## [The task]
Repeat, please, exactly the lines from the one that has "KRAZE TURISMO KR193" through the end of the records below, with pictures dropped.

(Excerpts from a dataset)
= = = =

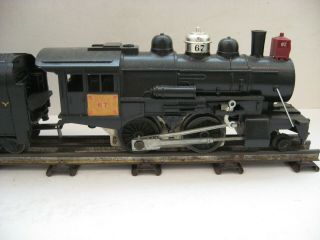 Lionel O - gauge one - of - a - kind kitbash Lehigh Valley steam engine with odd tender 2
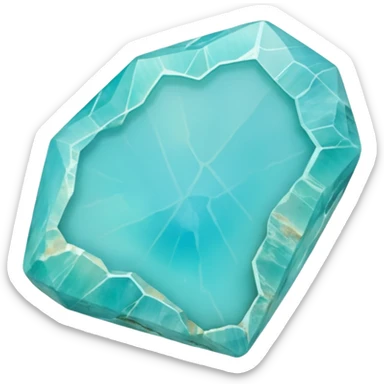 peruvian opal gemstone raw crystal mineral sticker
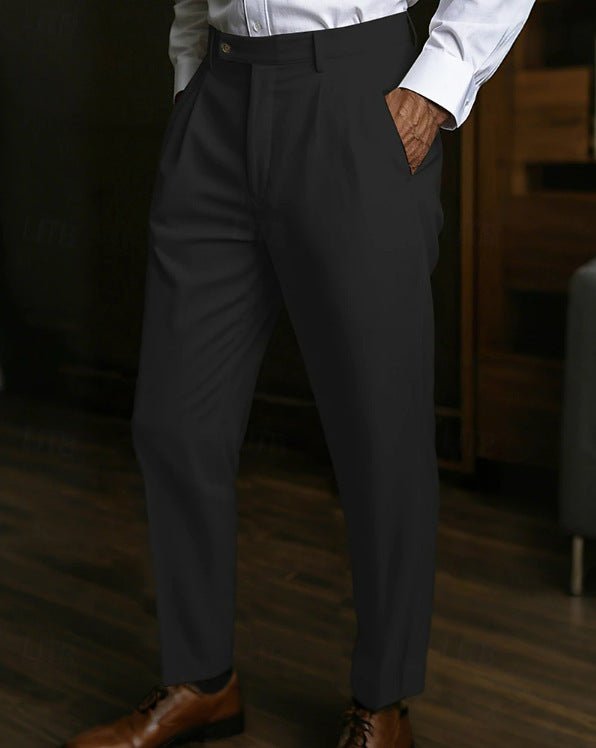 Men's Linen Pocket Flat Comfortable Breathable Trousers - Elora Moda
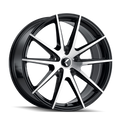 KRAZE TURISMO KR193 BLACK MACHINED FACE 20X8.5 5-115 38MM 72.62MM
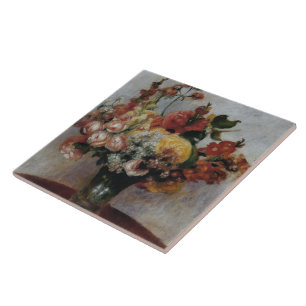 Vintage Pierre Auguste Renoir Flowers em um Vase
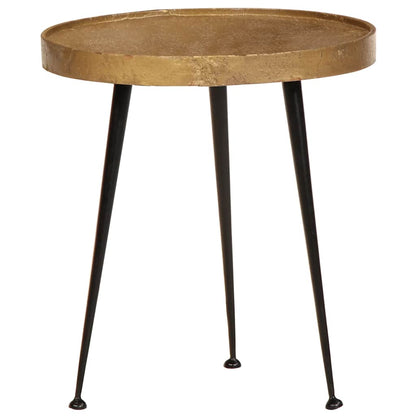 Coffee Table 3 pcs Golden Engineered Wood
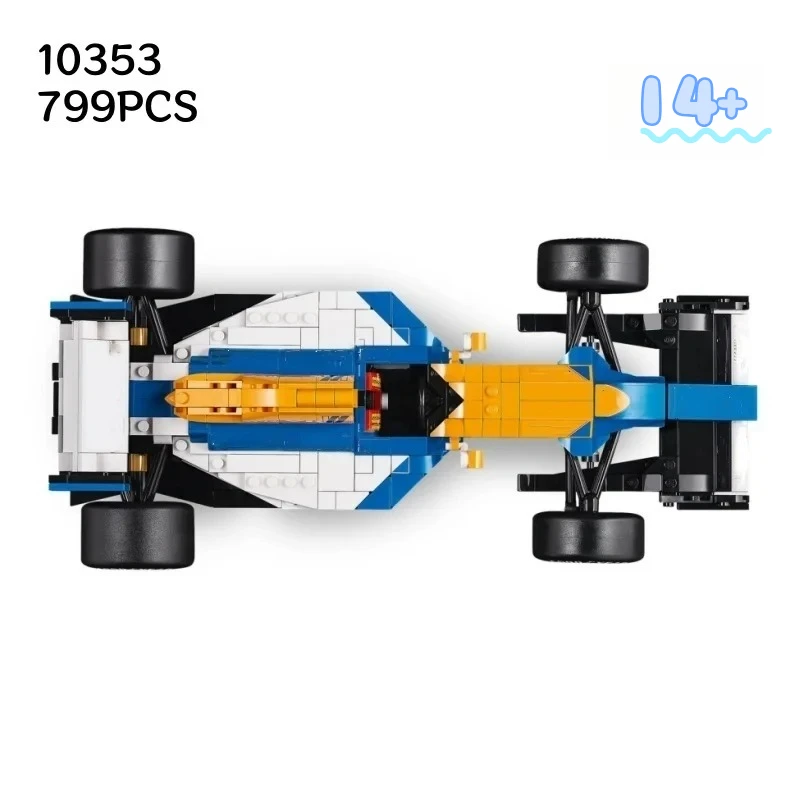 

Disney In Stock 10353 Williams FW14B Premium Building Set Racing Replica Toy Gift for Adults Kids on Birthday Christmas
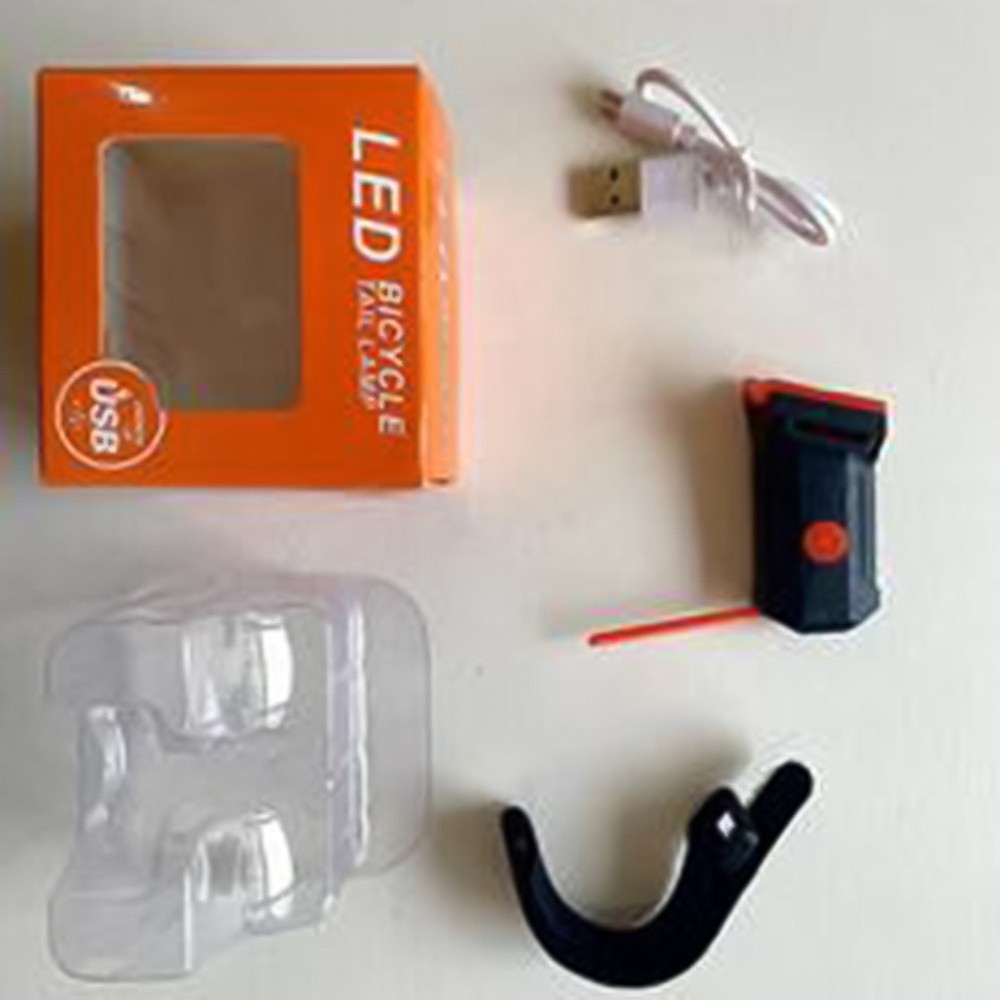 Bike Tail Light with Multiple Lighting Modes USB Rechargeable Photon Drop Light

= = = =

## [Task solution]
 KRAZE TURISMO KR193 BLACK MACHINED FACE 20X8.5 5-115 38MM 72.62MM
 Vintage Pierre Auguste Renoir Flowers em um Vase
 Coffee Table 3 pcs Golden Engineered Wood

Disney In Stock 10353 Williams FW14B Premium Building Set Racing Replica Toy Gift for Adults Kids on Birthday Christmas
 Bike Tail Light with Multiple Lighting Modes USB Rechargeable Photon Drop Light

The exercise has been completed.